In a note to its annual British accounts, Starbucks said: ‘The company is in discussion with HM Revenue & Customs regarding its transfer pricing policy.’
According to the accounts for the year ending September 27, 2009, the Starbucks Coffee Company (UK) received a tax credit last year of £115,000, up from a tax bill the previous year of £20.6 million. The company’s overall loss for the year was £52 million, up from £26 million the previous year.
The notes in the accounts state that if its transfer pricing policy was adjusted by the taxman, ‘the company believes it has sufficient unrecognised deferred tax assets that it could utilise’. In other words, it could cope with a bigger tax bill.
But the company is defending its position. A spokesman said: ‘We are in discussions with HM Revenue & Customs regarding Starbucks’ transfer pricing policy, which we believe to be reasonable.’

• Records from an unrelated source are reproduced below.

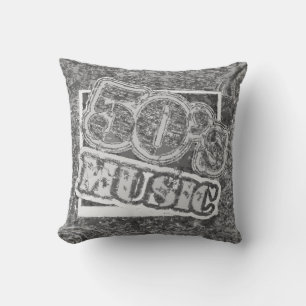 Vintage 50er Jahre Musik - Kissen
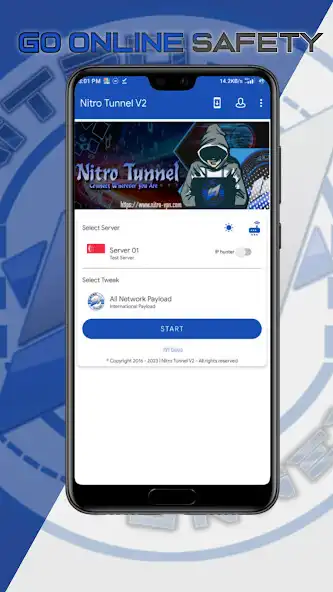 Play Nitro Tunnel V2 as an online game Nitro Tunnel V2 with UptoPlay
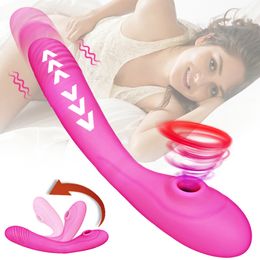 Sucking Machine Vibrators for Women Vagina Nipple Sucker Vibrator Massager Clitoris Stimulator Thrusting Dildo Adult Supplies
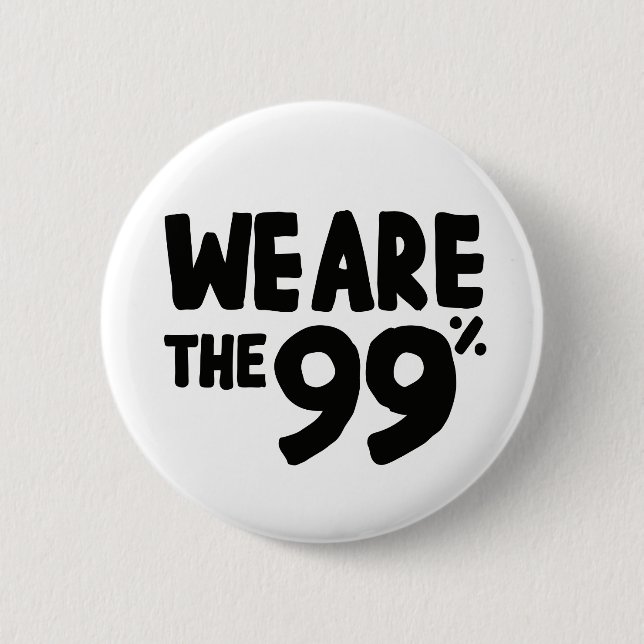 Wir sind die 99 % button (Vorderseite)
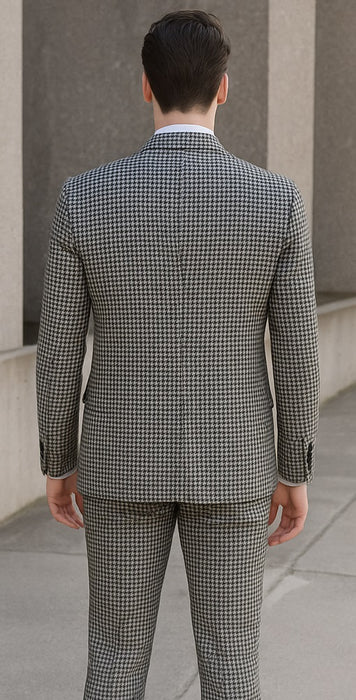 Classic checkered men’s outfit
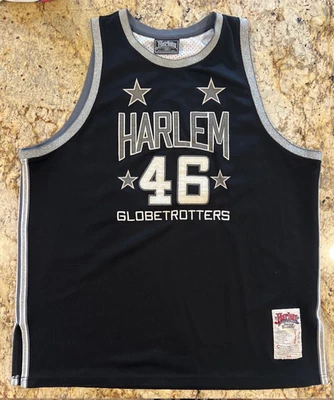 Camiseta deportiva negra 3XL vintage para hombre Platinum Fubu Harlem Globetrotters 46 Showboat Foto 1 de 4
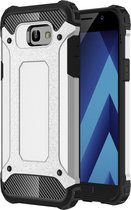 Mobigear Hoesje geschikt voor Samsung Galaxy A5 (2017) Telefoonhoesje Hardcase | Mobigear Outdoor Backcover Shockproof | Schokbestendig Galaxy A5 (2017) Telefoonhoesje | Anti Shock Proof - Zilver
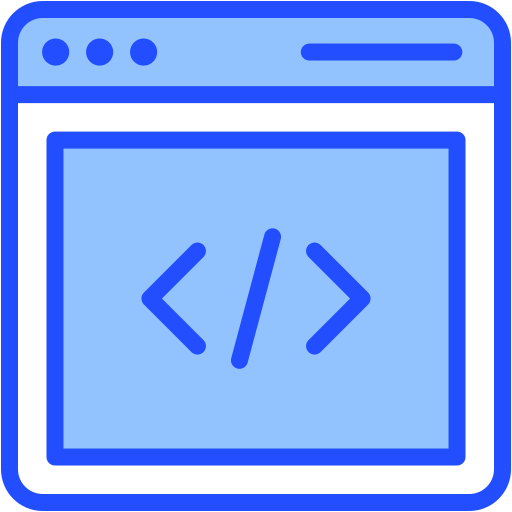 веб-разработка Generic Blue иконка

Whether or not Starbucks abusively manipulated its accounting for tax avoidance purposes, this is good news for both honest-paying citizens and tax justice campaigners alike, as the spotlight continues to grow on this harmful practice. As most of you who regularly read this blog know, the best way for us to curtail abusive transfer pricing is through an international country-by-country reporting standard, which is slowly gaining strength around the world. The more attention paid to abusive transfer pricing, the sooner we’ll achieve country-by-country reporting.
Keep up the good work.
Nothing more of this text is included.